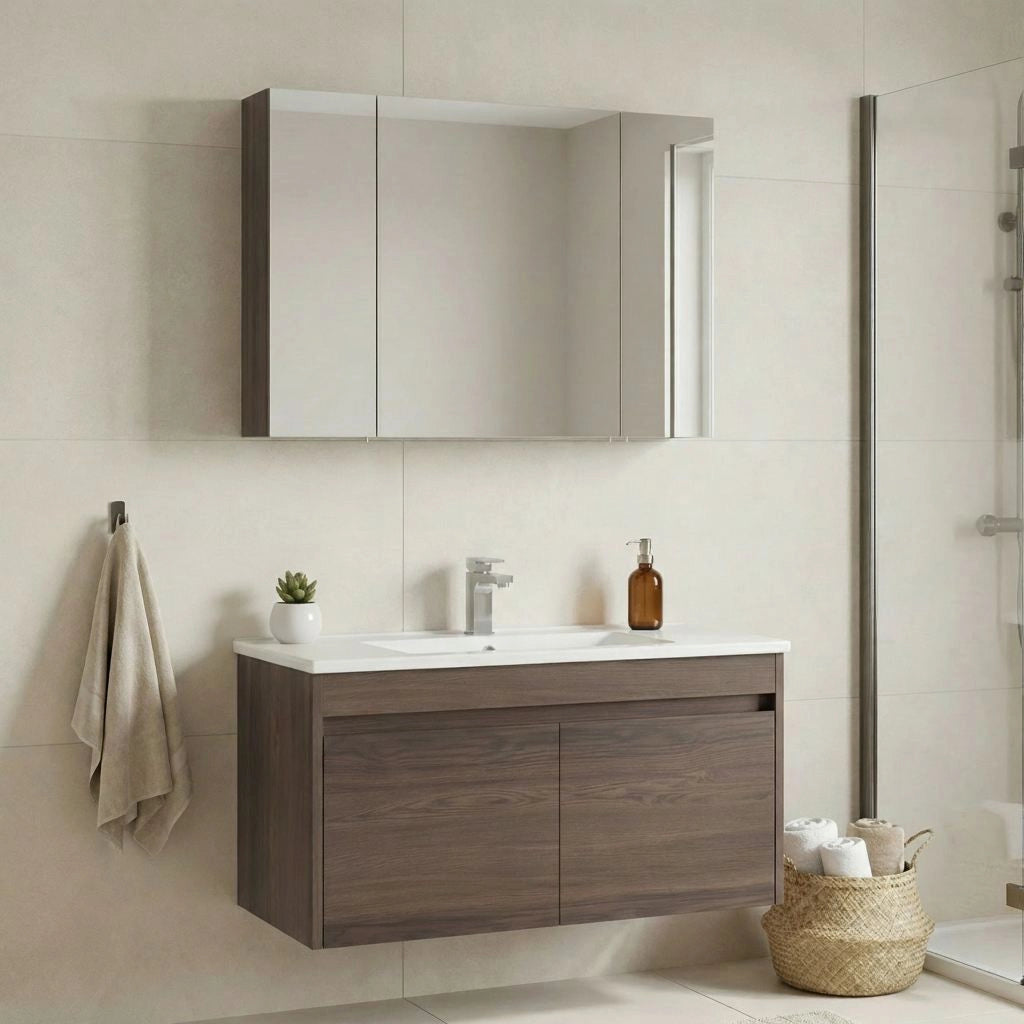 Set mobile lavabo con specchio (2 pezzi) "Side 100 v3" - 100 x 45 x 52 cm - Noce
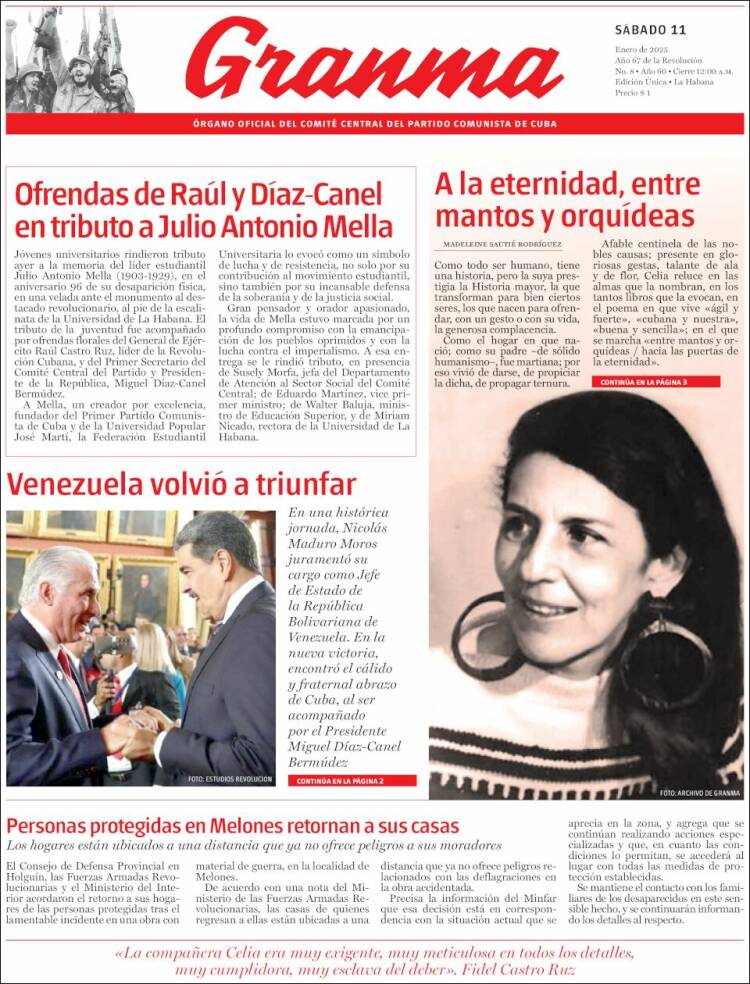Portada de Granma (Cuba)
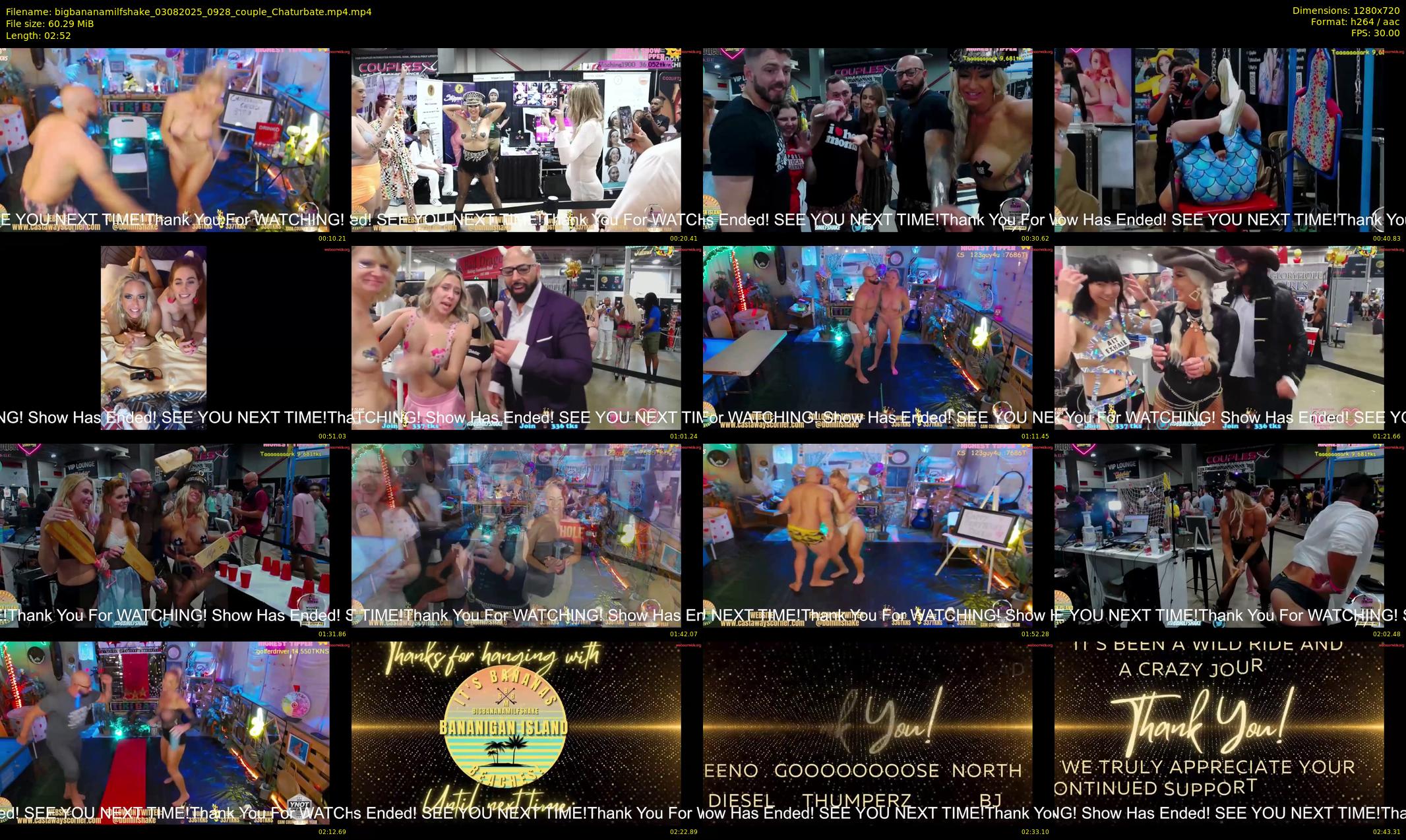 bigbananamilfshake — 3 minute Chaturbate couple cam show recording, 720p, Aug 3, 2025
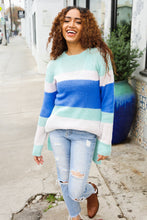 Load image into Gallery viewer, Love Found Mohair Mint/Blue Stripe Rib Knit Tunic Sweater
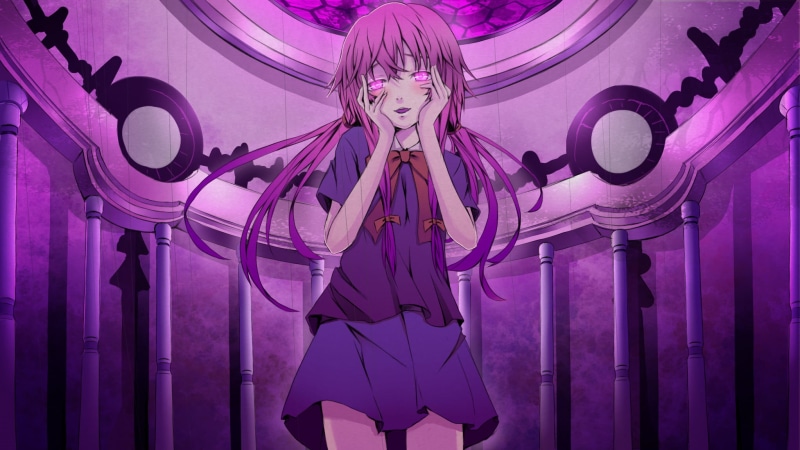 people, bows, portrait, religion, gasai yuno, church, character, one person, hairstyle, architecture, arts culture and entertainment, mirai nikki, pink color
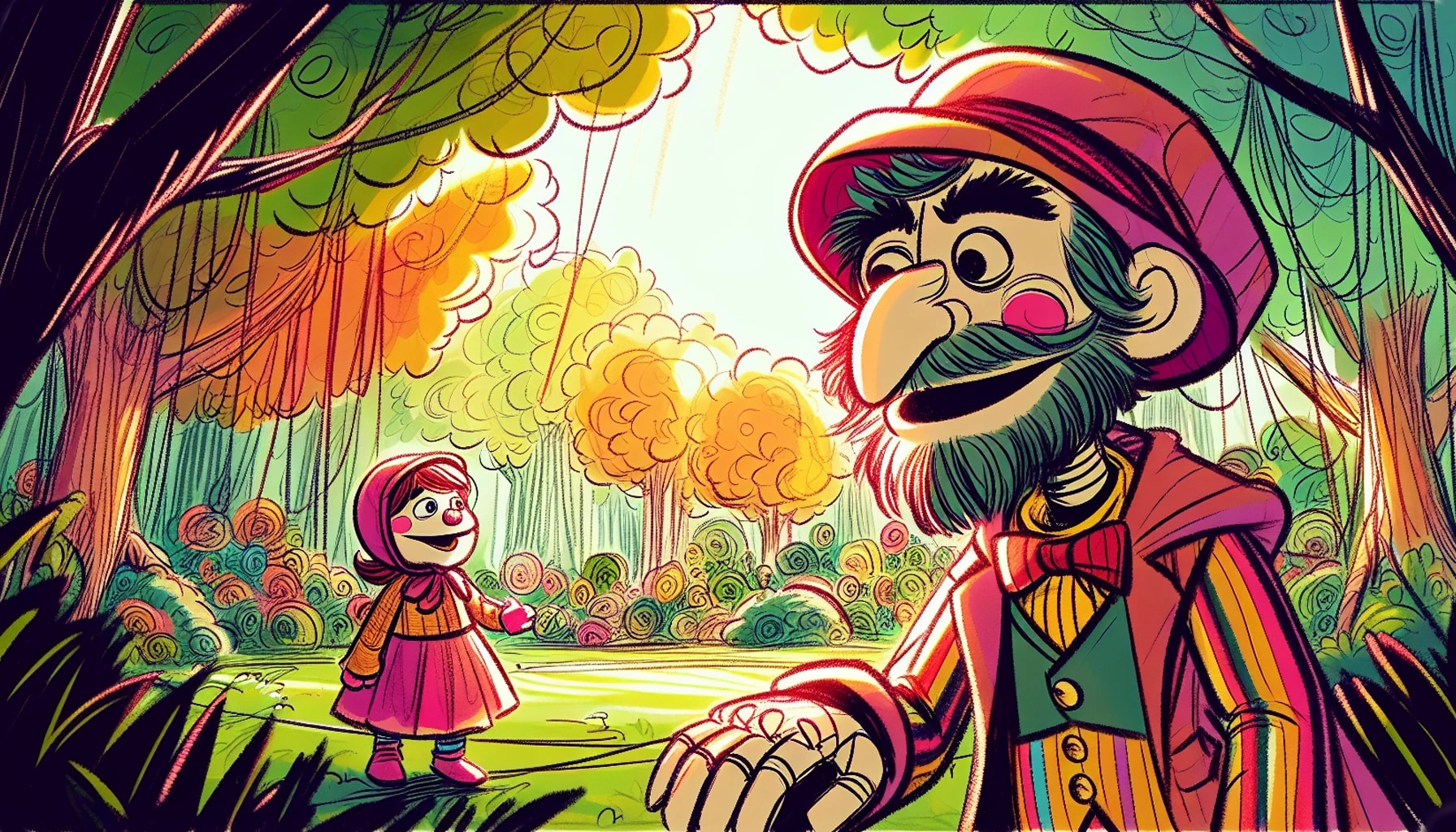 'Close-up of Puppet Pal looking thoughtful and then admitting the truth to Tiny Tina. As this happens, the colors in the park quickly return to their vibrant, cheerful state.'
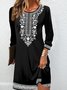 Women's Long Sleeve Spring/Fall Ethnic Jersey Dress Crew Neck Daily Going Out Casual Mini H-Line T-Shirt Dress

§ **Task item**
After dropping the pictures, please set down the lines from the beginning of the listing through the line containing "Load image into", both included, exactly as they stand.

§ **Solution**
 Set mobile lavabo con specchio (2 pezzi) "Side 100 v3" - 100 x 45 x 52 cm - Noce
Portada de Granma (Cuba)
 bigbananamilfshake — 3 minute Chaturbate couple cam show recording, 720p, Aug 3, 2025
 Load image into Gallery viewer, Love Found Mohair Mint/Blue Stripe Rib Knit Tunic Sweater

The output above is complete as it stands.